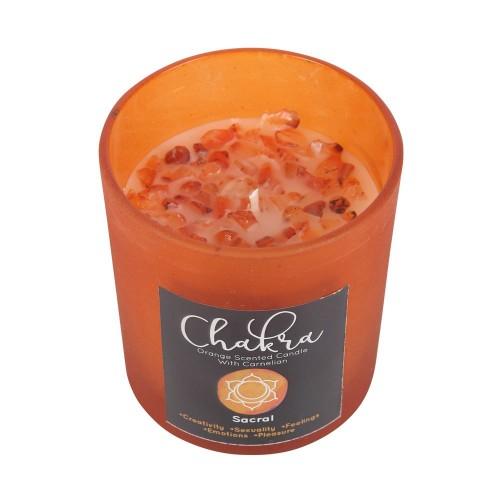 Something Different Vela perfumada de chakra sacral laranja One Size cor de laranja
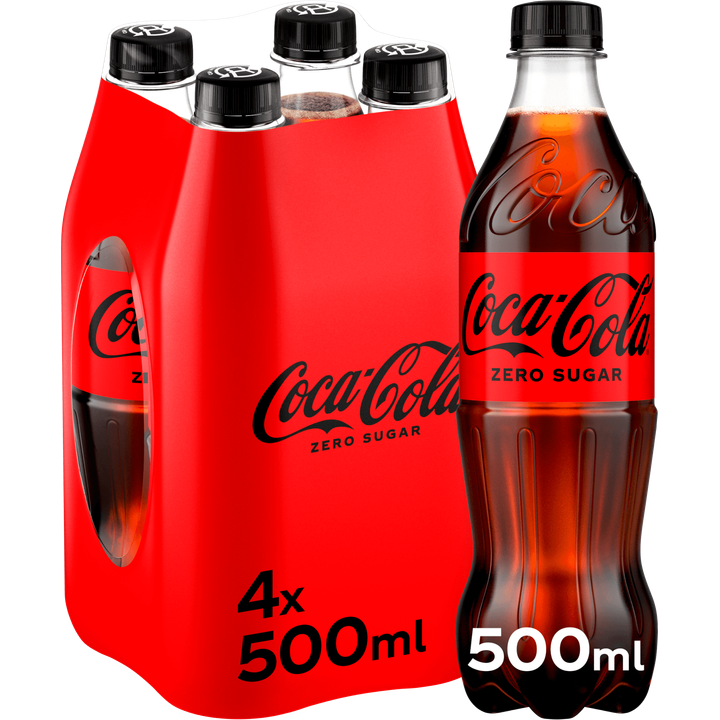 Coca-Cola Zero Sugar 4 x 500 ml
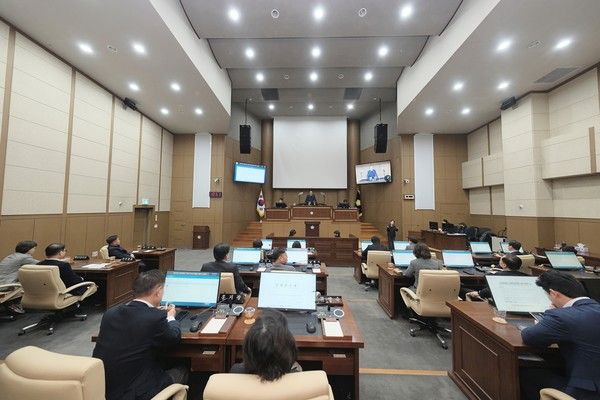 마포구의회 제272회 정례회 모습(사진제공=마포구의회)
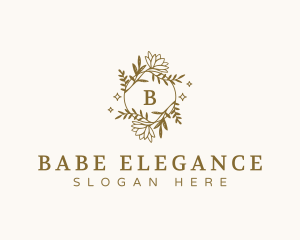 Floral Wreath Garden logo design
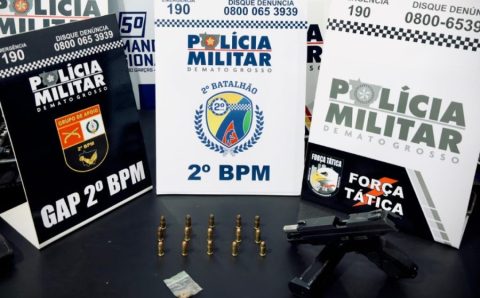 PM prende dois suspeitos por ameaça e apreende arma de fogo em Pontal do Araguaia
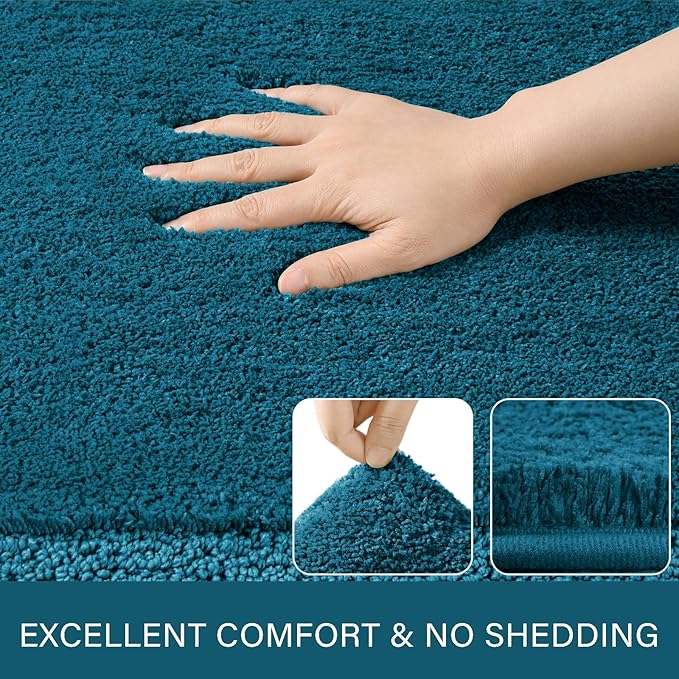 Soft Bath Rug Set 2 Piece Set, U-Shaped Bathroom Rugs | Egoodhome™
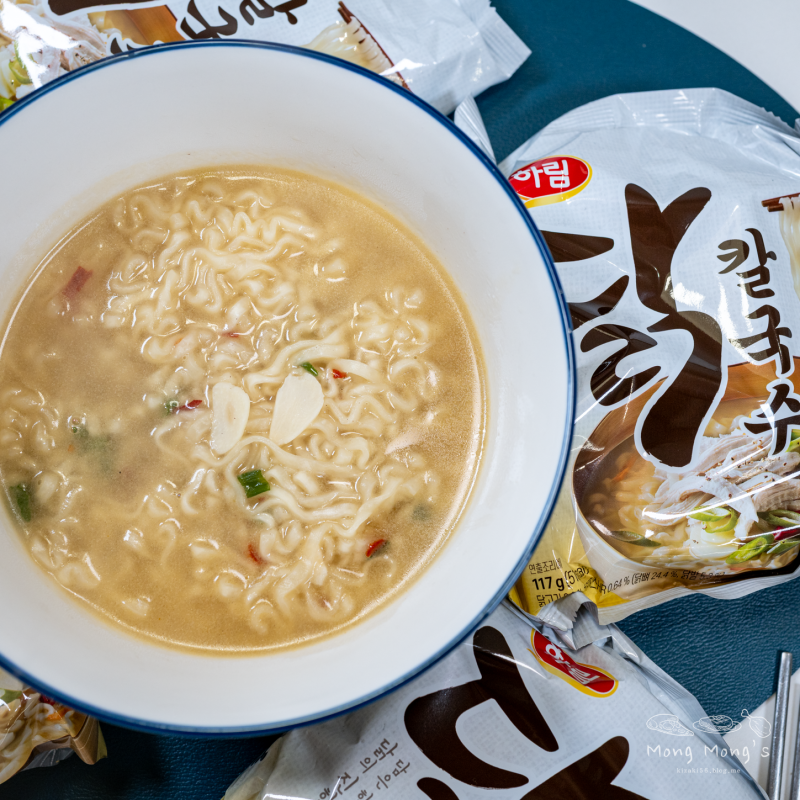 하림 닭칼국수 신상 라면 후기 자극 부족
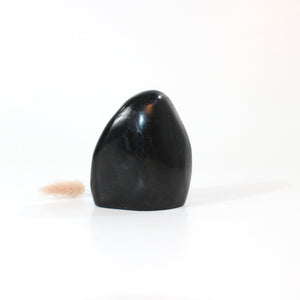 Black tourmaline crystal polished free form  | ASH&STONE Crystals Shop Auckland NZ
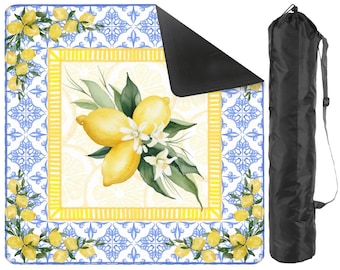 Spring Lemon Mahjong Mat 31.5"x31.5" (Ship Rolled up)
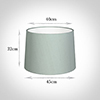 45cm Medium French Drum Shade in French Grey Silk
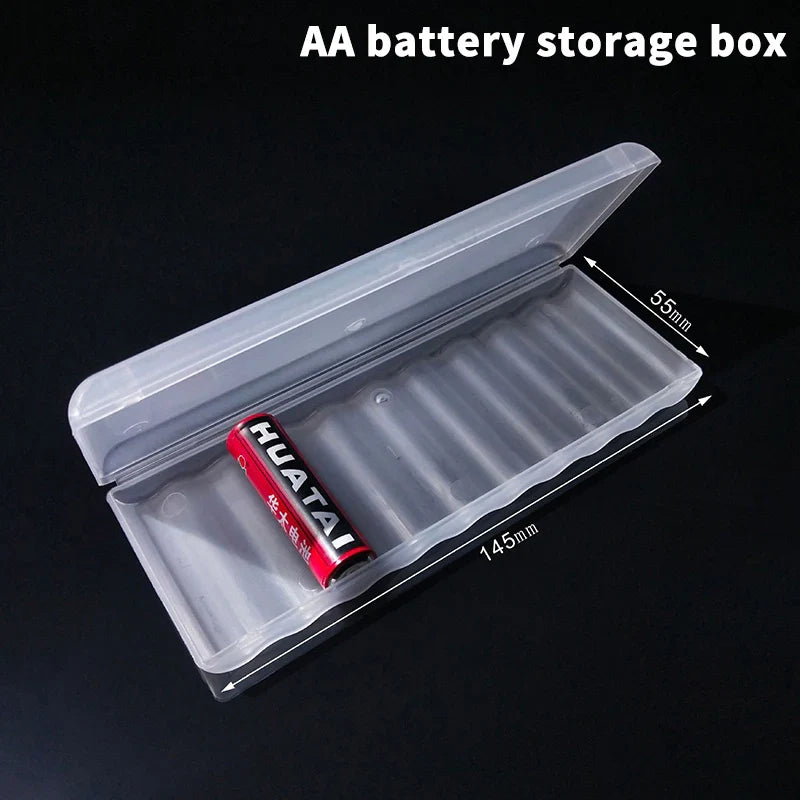 Waterproof Multi-Slot Battery Storage Box – AA AAA 18650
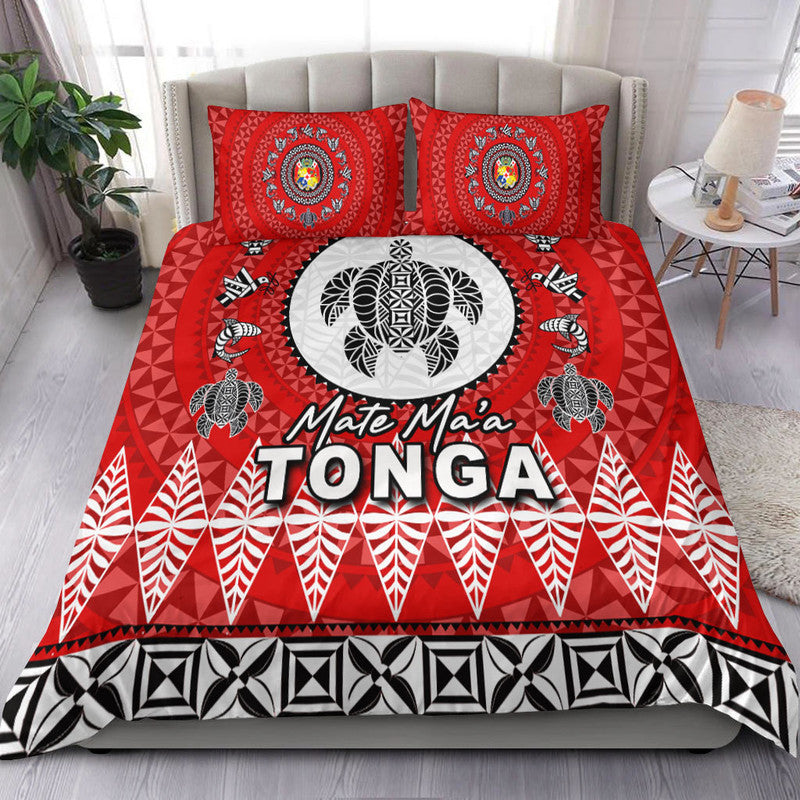 Mate Ma'a Tonga Ngatu Fonu Rugby Bedding Set LT6 - Wonder Print Shop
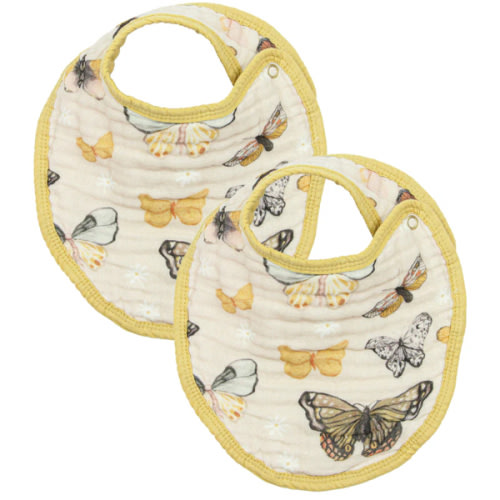 Cloud Muslin™ Bib 2 Pack - Amelia/Honey – Lou Lou & Company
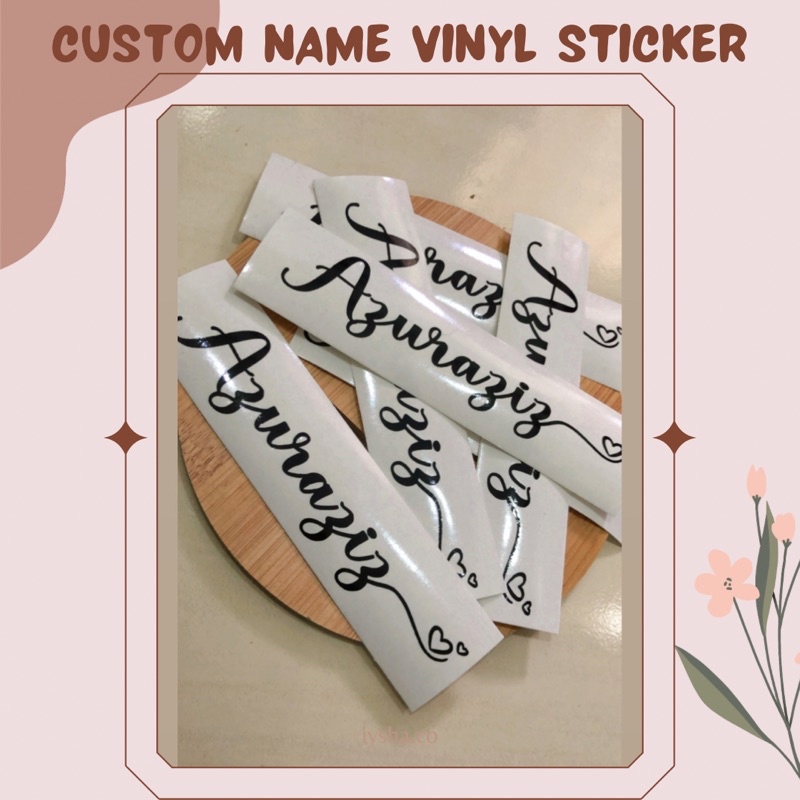 STICKER NAME / THERMOS / KERETA / TUPPERWARE | Shopee Malaysia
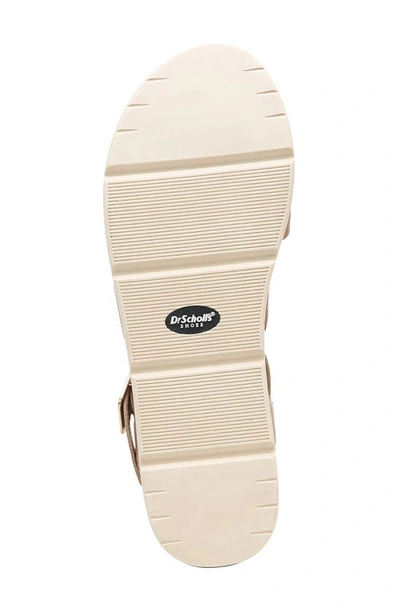 Shop Dr. Scholl's Once Twice Platform Sandal In Tawny Birch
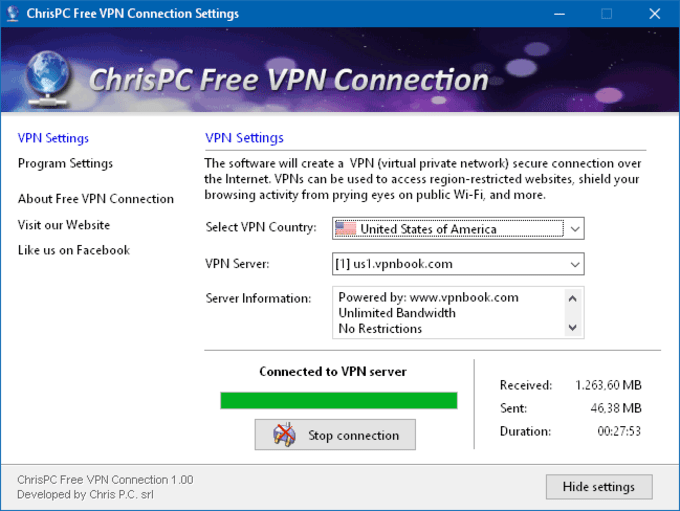 ChrisPC Free VPN ConnectionFree Download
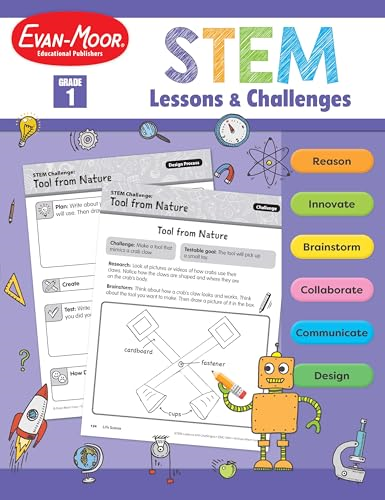 Stem Lessons and Challenges, Grade 1 (Stem Lessons and Challenges)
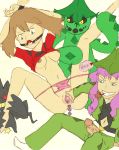  anal_beads anus ass banette bondage breasts cacturne cum cum_drip erect_nipples erection hairless_pussy harley_(pokemon) haruka_(pokemon) may nipples penis pokemon pussy spread_legs spread_pussy 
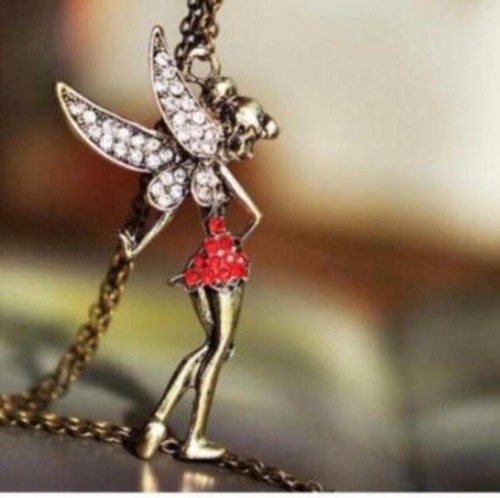 Halskette tinkerbell retro - halskette,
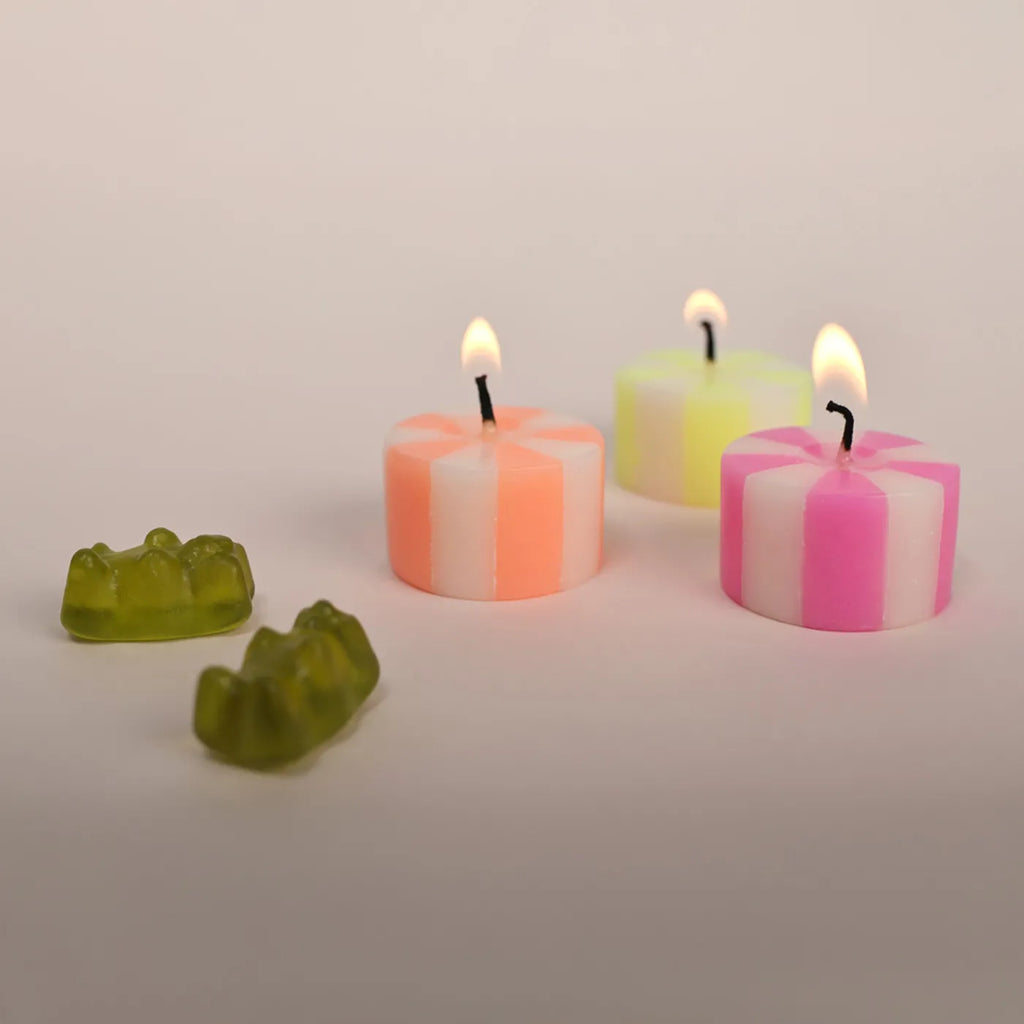 Bon Bon Kerzen 4er Set - Neon
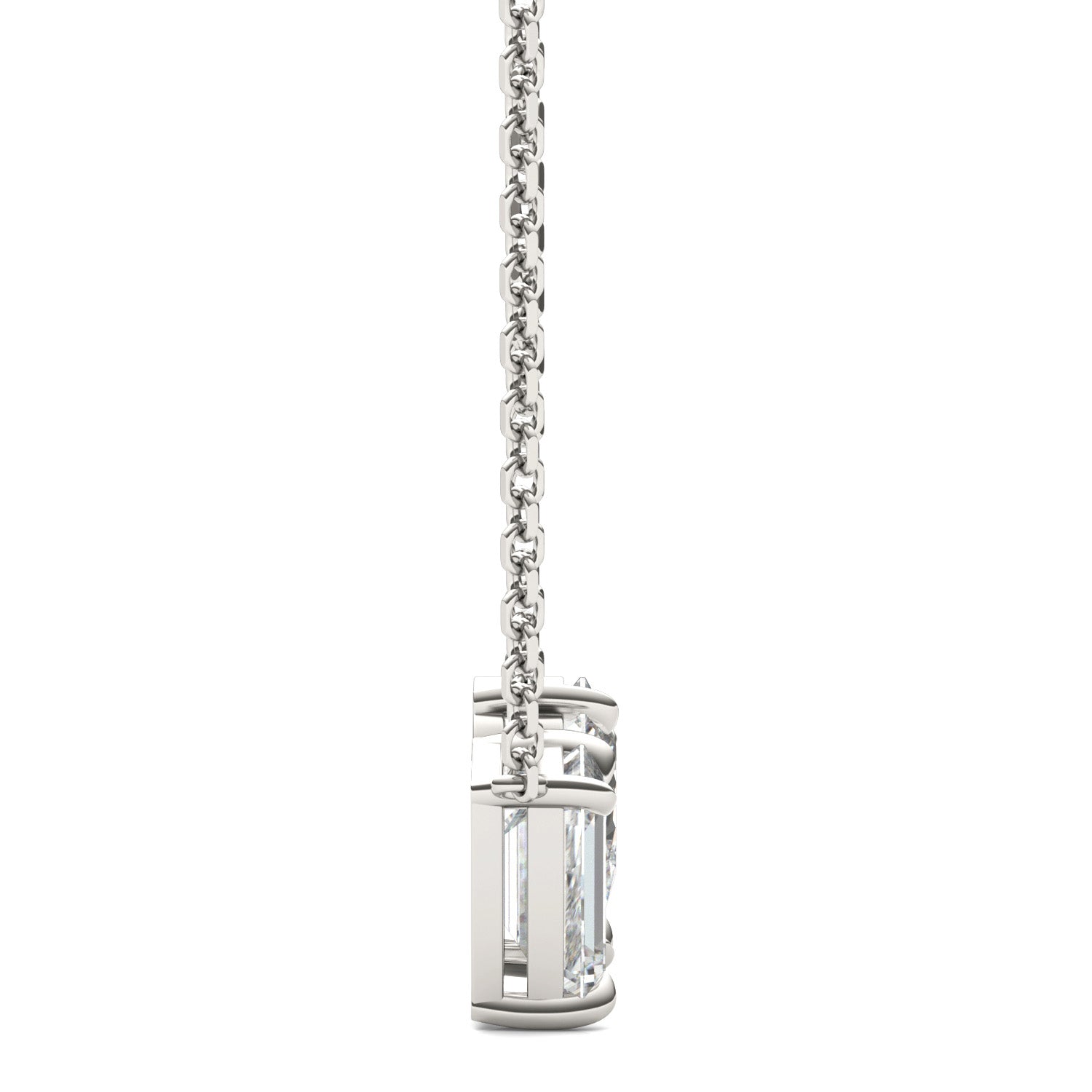 1.35 CTW DEW Pear Forever One™ Moissanite Toi et Moi Necklace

• Prompt: Write the lines above out again exactly, excluding every picture.

• Solution to this exercise:
 Something Different Vela perfumada de chakra sacral laranja One Size cor de laranja
 Coca-Cola Zero Sugar 4 x 500 ml
 마포구의회 제272회 정례회 모습(사진제공=마포구의회)
 Floral Wreath Garden logo design
 PM prende dois suspeitos por ameaça e apreende arma de fogo em Pontal do Araguaia
 Soft Bath Rug Set 2 Piece Set, U-Shaped Bathroom Rugs | Egoodhome™
 하림 닭칼국수 신상 라면 후기 자극 부족
 Black tourmaline crystal polished free form  | ASH&STONE Crystals Shop Auckland NZ
 Spring Lemon Mahjong Mat 31.5"x31.5" (Ship Rolled up)
 45cm Medium French Drum Shade in French Grey Silk
 Waterproof Multi-Slot Battery Storage Box – AA AAA 18650
 Mate Ma'a Tonga Ngatu Fonu Rugby Bedding Set LT6 - Wonder Print Shop
 Cloud Muslin™ Bib 2 Pack - Amelia/Honey – Lou Lou & Company
 STICKER NAME / THERMOS / KERETA / TUPPERWARE | Shopee Malaysia
 Shop Dr. Scholl's Once Twice Platform Sandal In Tawny Birch
 ChrisPC Free VPN ConnectionFree Download
 Stem Lessons and Challenges, Grade 1 (Stem Lessons and Challenges)
  anal_beads anus ass banette bondage breasts cacturne cum cum_drip erect_nipples erection hairless_pussy harley_(pokemon) haruka_(pokemon) may nipples penis pokemon pussy spread_legs spread_pussy 
 Halskette tinkerbell retro - halskette,
 Bon Bon Kerzen 4er Set - Neon
 1.35 CTW DEW Pear Forever One™ Moissanite Toi et Moi Necklace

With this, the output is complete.